As people who regularly read this blog probably know, I recently co-wrote a book (The Boy Who Was Raised as a Dog and Other Stories from a Child Psychiatrist's Notebook) with Dr. Bruce Perry -- a leading child trauma expert whom you may have heard on CNN, CBS or NPR over the last few days.
Because of his expertise, Oprah asked my co-author to lead the mental health response to the abuse crisis at the Oprah Winfrey Leadership Academy for Girls in South Africa -- to help her make the school into as she put it at a press conference yesterday, "a model for the world."
As readers may also know, coincidentally, I have also written a book about institutional abuse of children in settings like boot camps, wilderness programs, "emotional growth boarding schools" and residential treatment centers for "troubled teens." (Help At Any Cost: How the Troubled Teen Industry Cons Parents and Hurts Kids)
I was not expecting these two interests to collide -- but although Oprah did not intend for this to happen, her school unfortunately developed into what could be seen as a tough "program" and as a result, some girls were abused.
As she put it at the press conference, "I feel that the girls were placed in an atmosphere where they were taught to be fearful and they were taught to literally be silenced.
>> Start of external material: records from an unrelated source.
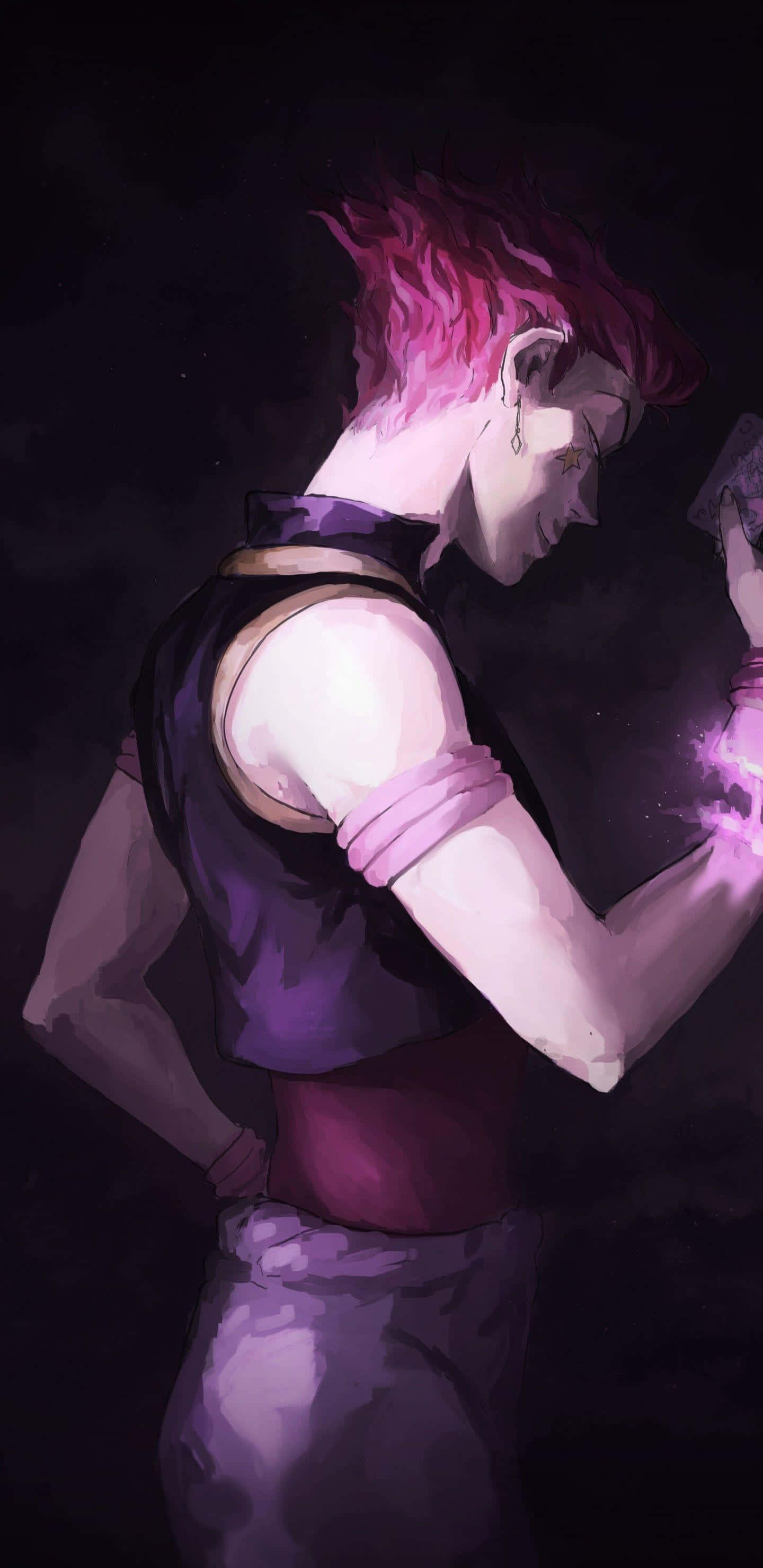 Hisoka, iPhone, vibrant pink hair, 2K Phone Wallpaper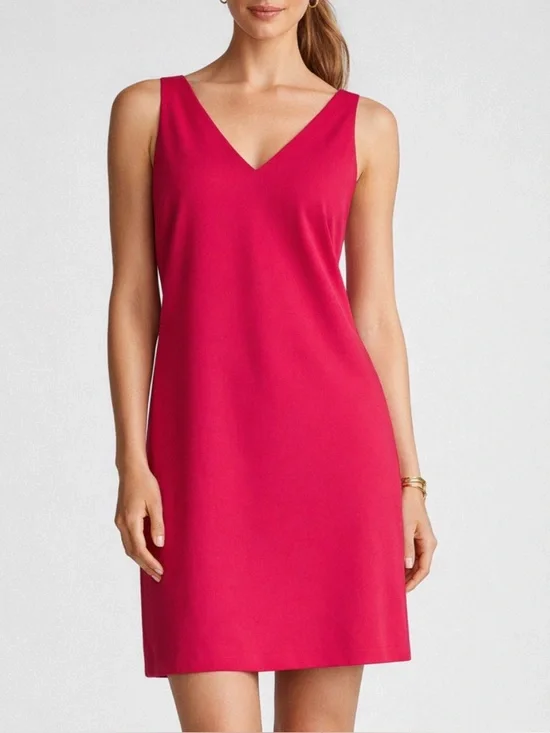 Ralph Lauren Black Label Sleeveless V-Neck Shift Dress in Pink - Picture 1 of 5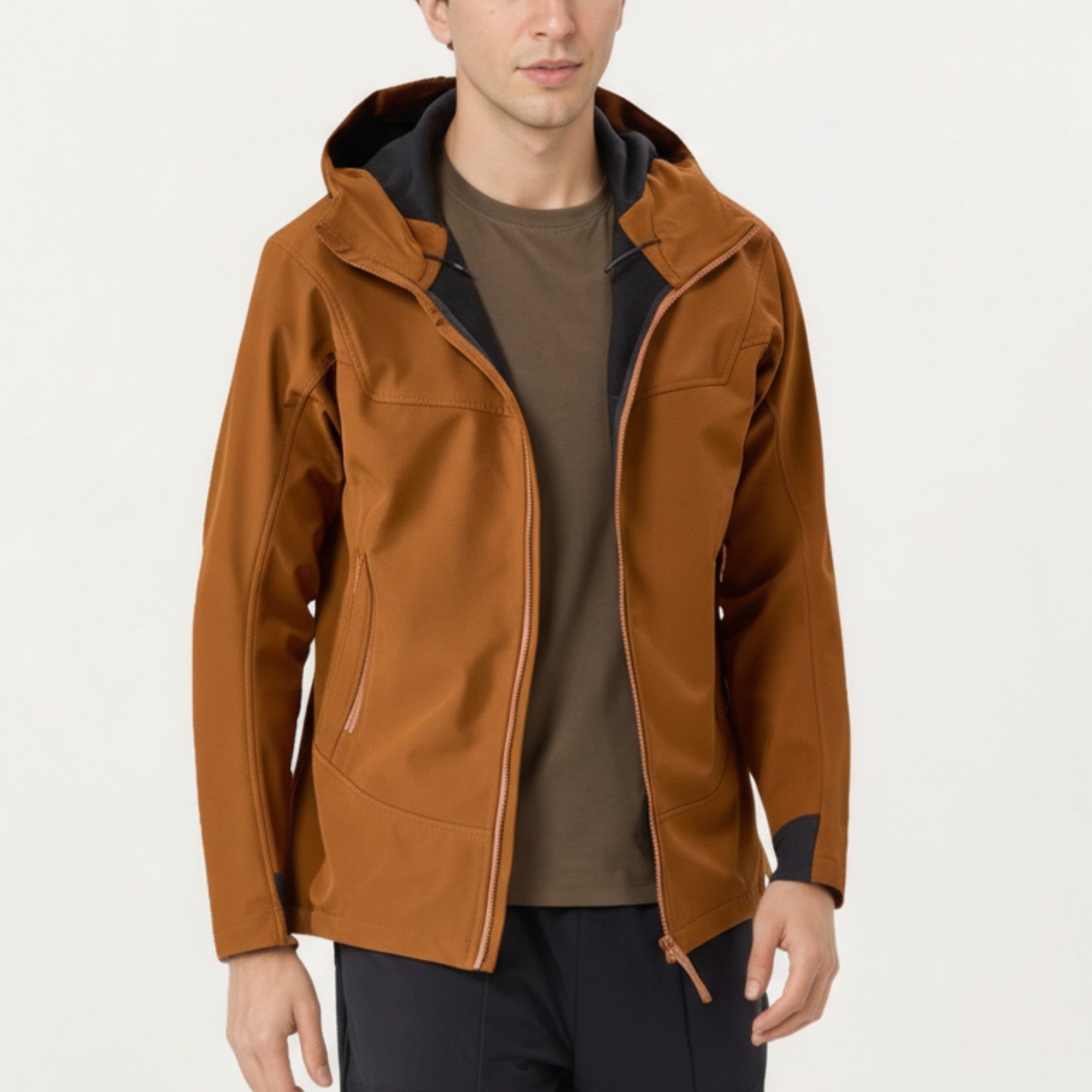 Anna-Kaci Men's Full Zip Hooded Jacket with Adjustable Drawstrings and Front Zip Pockets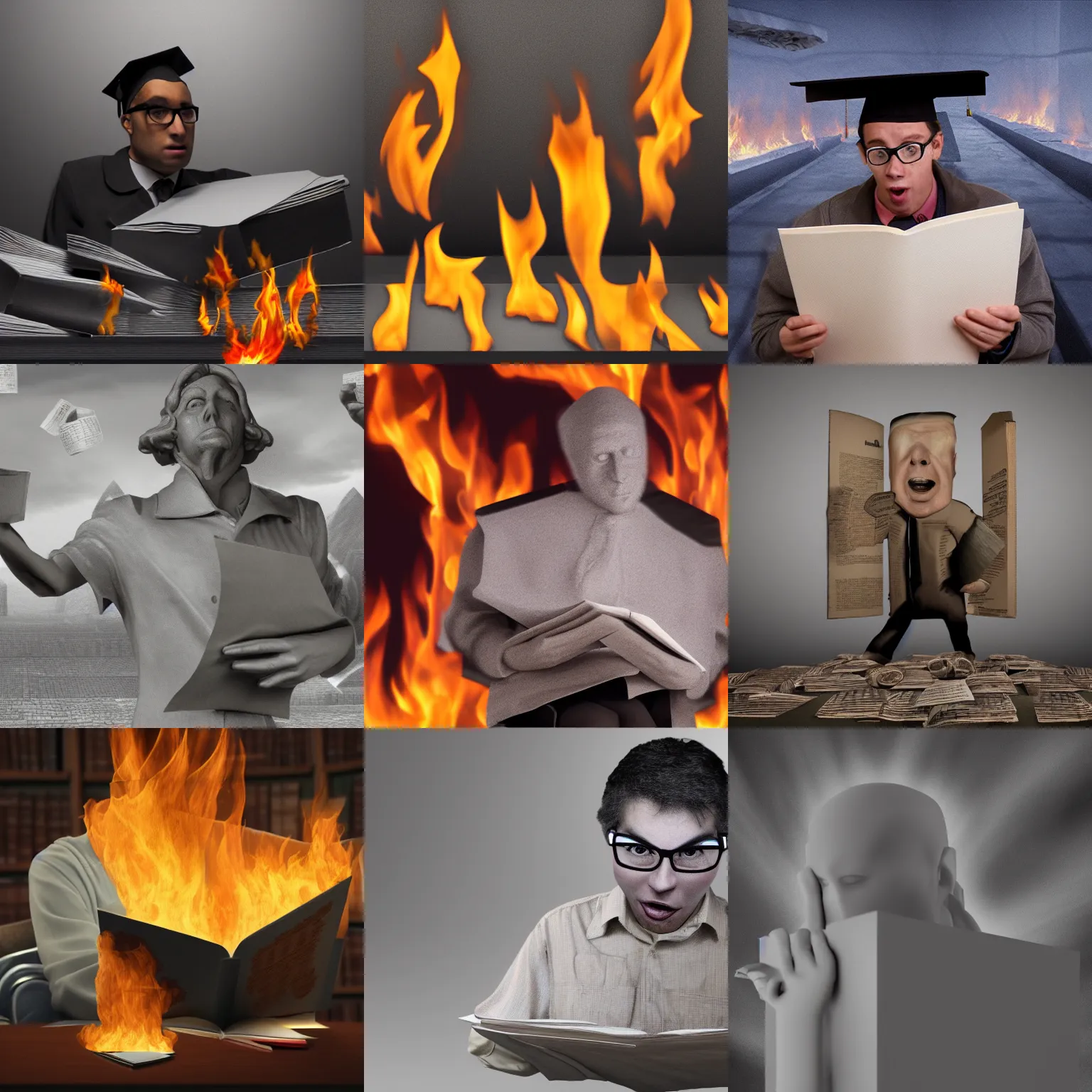 Image similar to 3d matte painting of Shocked Scholar holds burning academic paper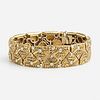 Alex Sepkus, 'Crinkled Silk' gold and diamond bracelet
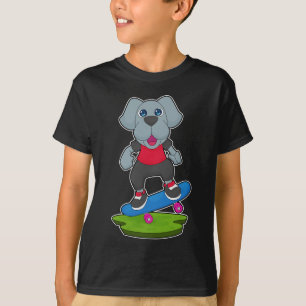 Hund Skater Skateboard T Shirt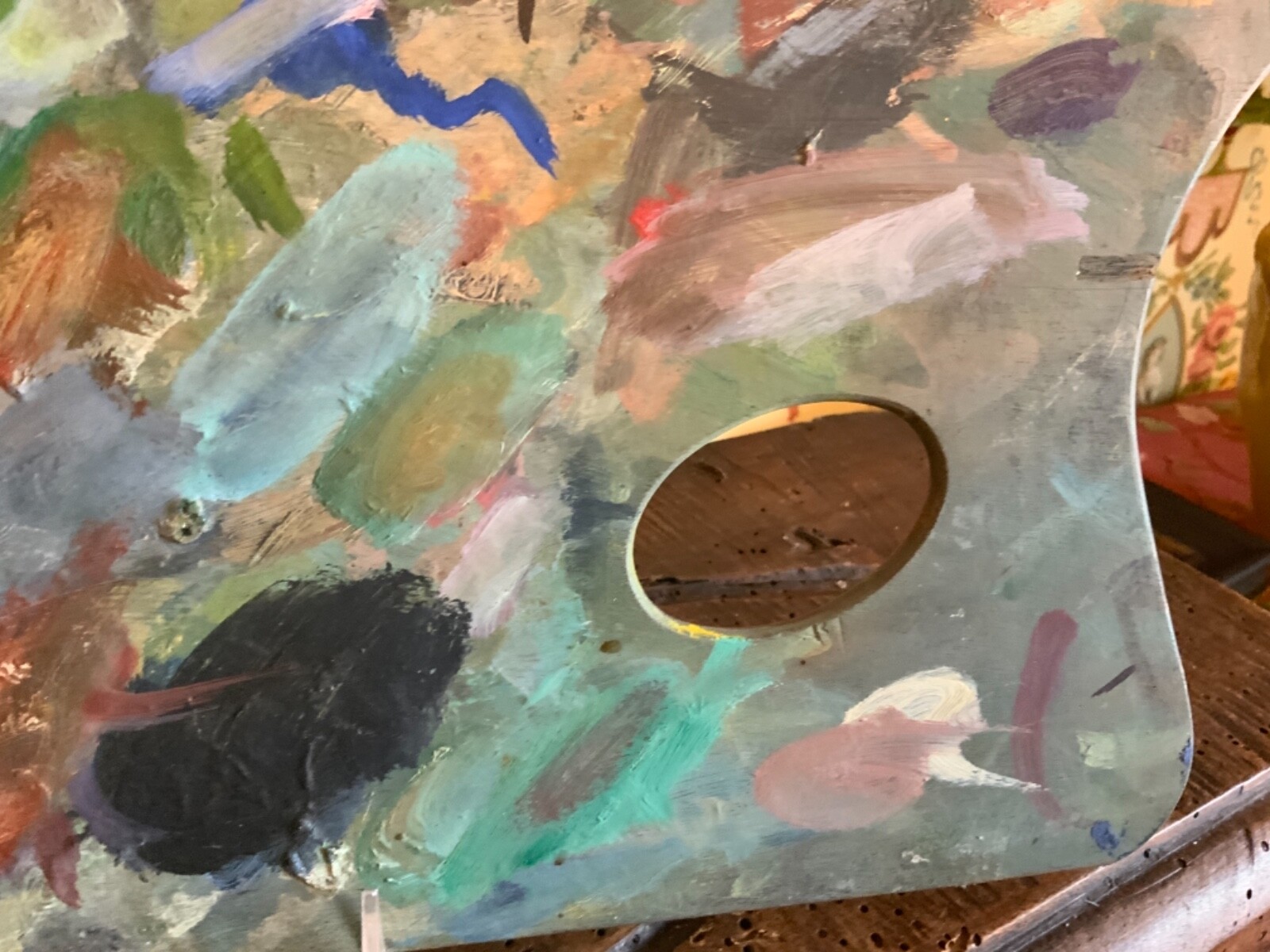 Charming Original French Artists Painters Palette on Light Board Thick Paint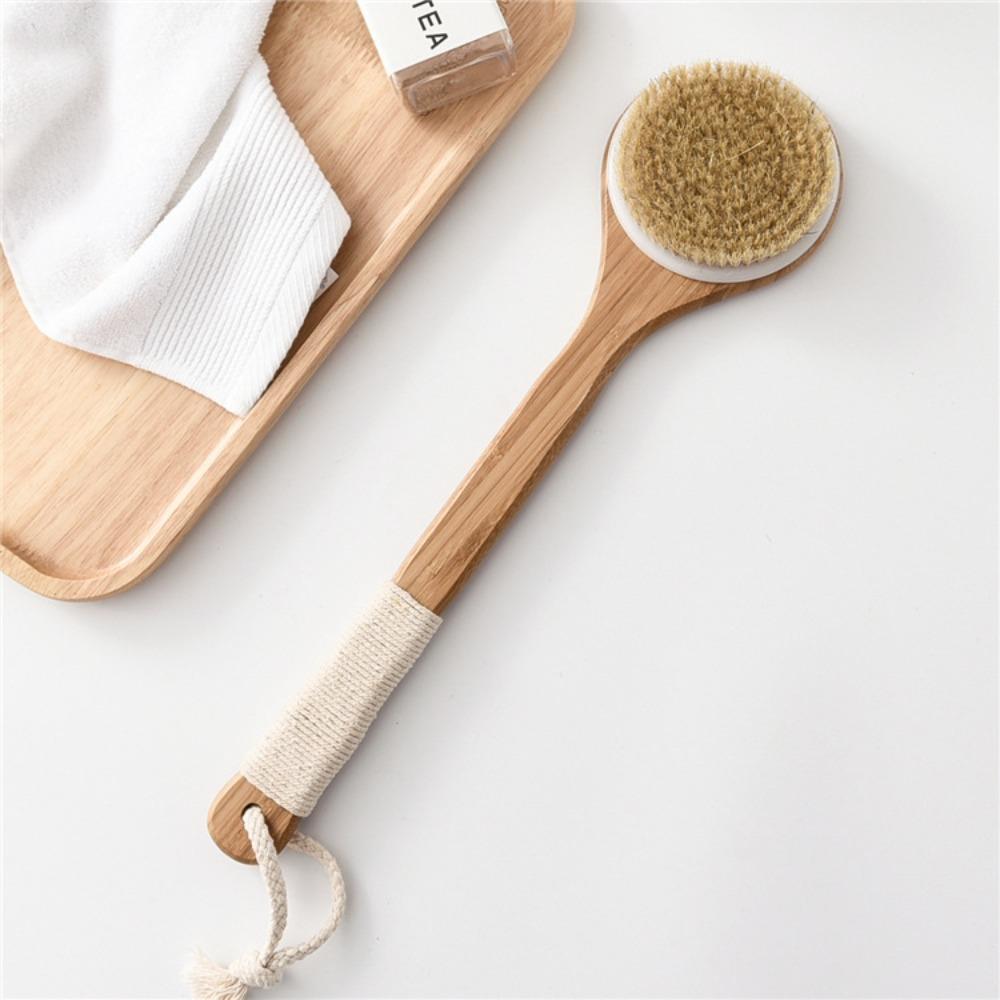 Long Handle Back Scrubber Soft Hair Swine Bristle Bath Brush Durable Bamboo Bath Brush  Home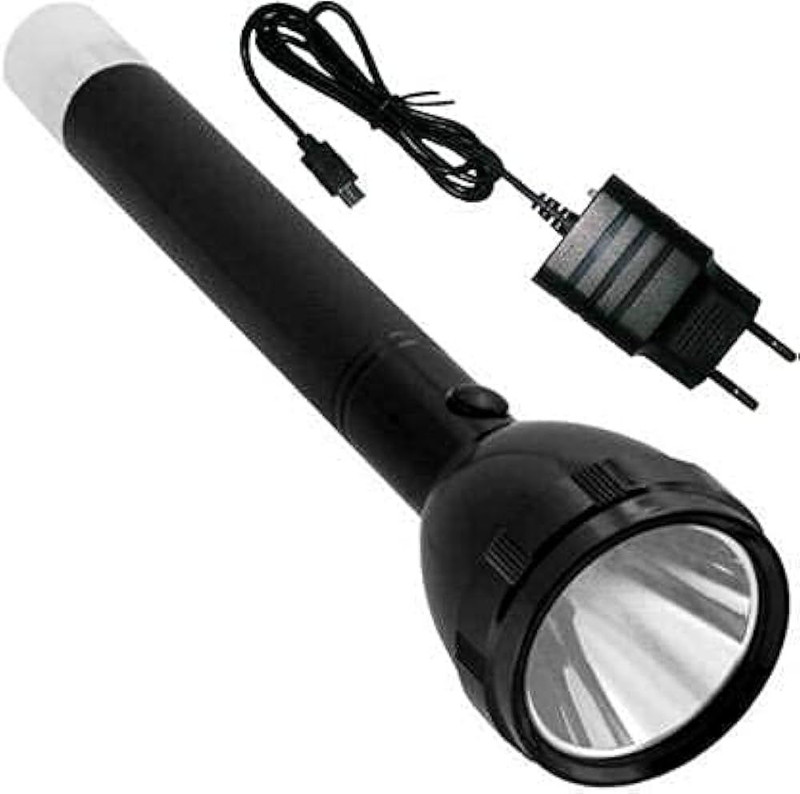 Zimork Dual Mode Full Led Rechargeable Long Range Torch Up to 1 Km 8 hrs Torch Emergency Light(Black)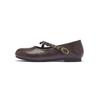 Brown Mary Jane shoes new summer retro flat-soled soft-soled shallow mouth single shoes with skirt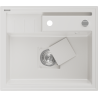 Mexen Agier zlewozmywak granitowy 1-komorowy z deską 600 x 520 mm, biały, syfon chrom - 6524601000-20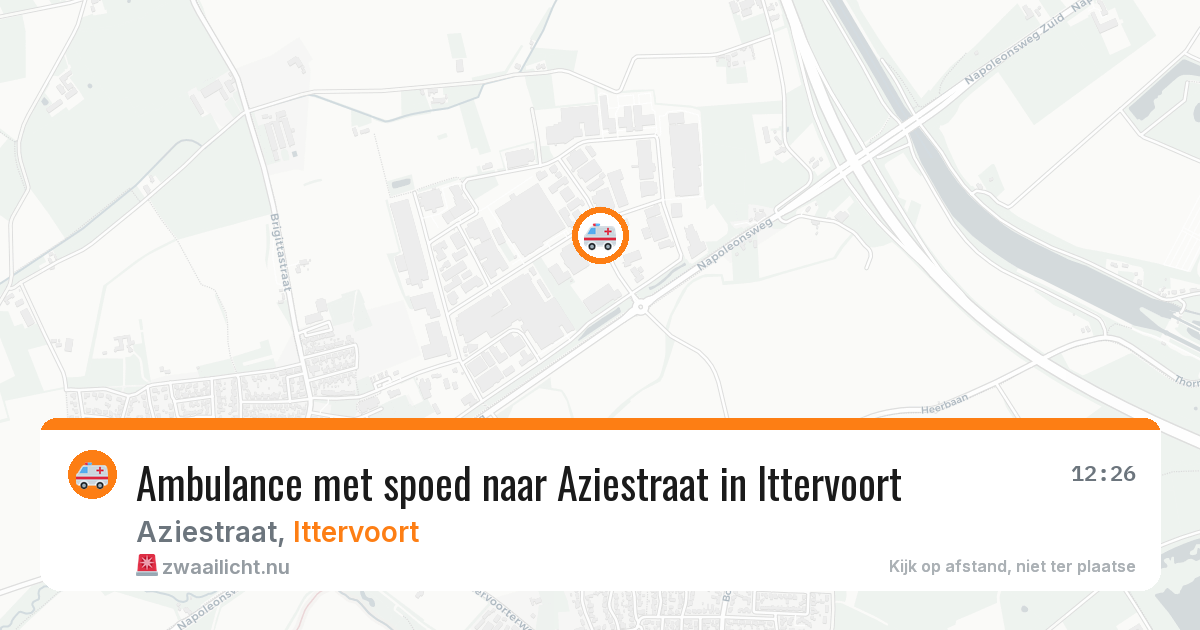 Ambulance met spoed naar Aziestraat in Ittervoort — 17 jul 2026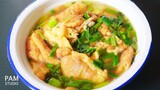 ไข่น้ำ แกงจืดไข่เจียวร้อนๆ เมนูไข่ ทำง่าย งบประหยัด 20 บาท Easy Thai Omelette Soup | Pam Studio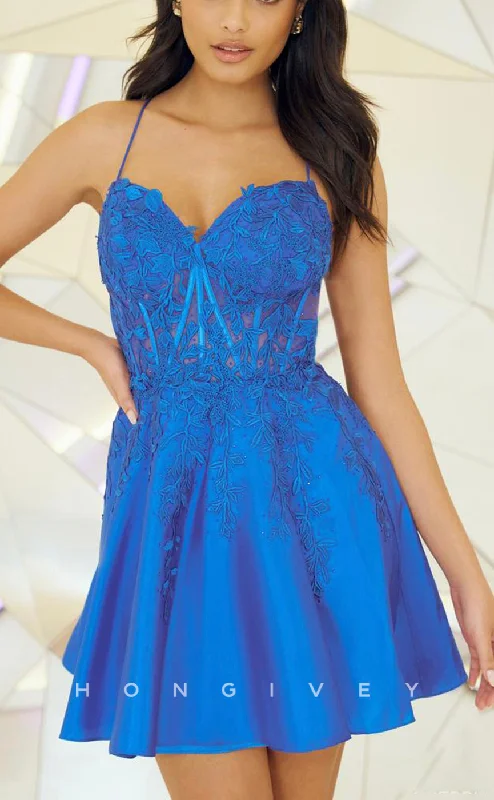 Metallic Formal Dress H1622 - Foliage Floral Appliqued Illusion lace-Up Back Homecoming Party Dress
And so when you remove the systems and put in a different kind of leadership, all of that will change."
Oprah got to the heart of the matter: institutions in which children are fearful and silenced are institutions that will sooner or later, inevitably, become abusive.
Apparently, for months the girls had been complaining that the school was more like a prison than boarding school -- and for months they had been ignored. Although one dorm matron has been charged with sexual and physical abuse, the problem wasn't -- as residential facilities often claim -- "one bad apple."
It was the tough love system. Any institution that isolates vulnerable children from the outside world, any school that severely limits contact with their parents, that silences complaints by calling those who speak up "liars", "whiners" and "manipulators" will become abusive. Without fail. And any such institution will attract predators -- because they know that where kids are unable to speak up, they can prey at will.
As Dr. Perry put it on NPR:
"Unfortunately, there isn't a place on the planet that has really done all that it could do to ensure that the internal systems and the adults in charge of children are as healthy as can be. I know that there are little pockets of excellence here and there, but one of the goals that we have for this school is to try to create training, staff selection, staff support and education for the girls, models of accountability, models of security that will all work to decrease the probability that any predatory person can be hired or can act out on the girls in the school."
Policies that limit access between children and parents, policies that allow untrained workers to have total control over kids with no government oversight, policies that lock kids down and keep them incommunicado, policies that encourage staff to be treat kids harshly "for their own good" -- every single one of these practices increases the odds that children will be abused.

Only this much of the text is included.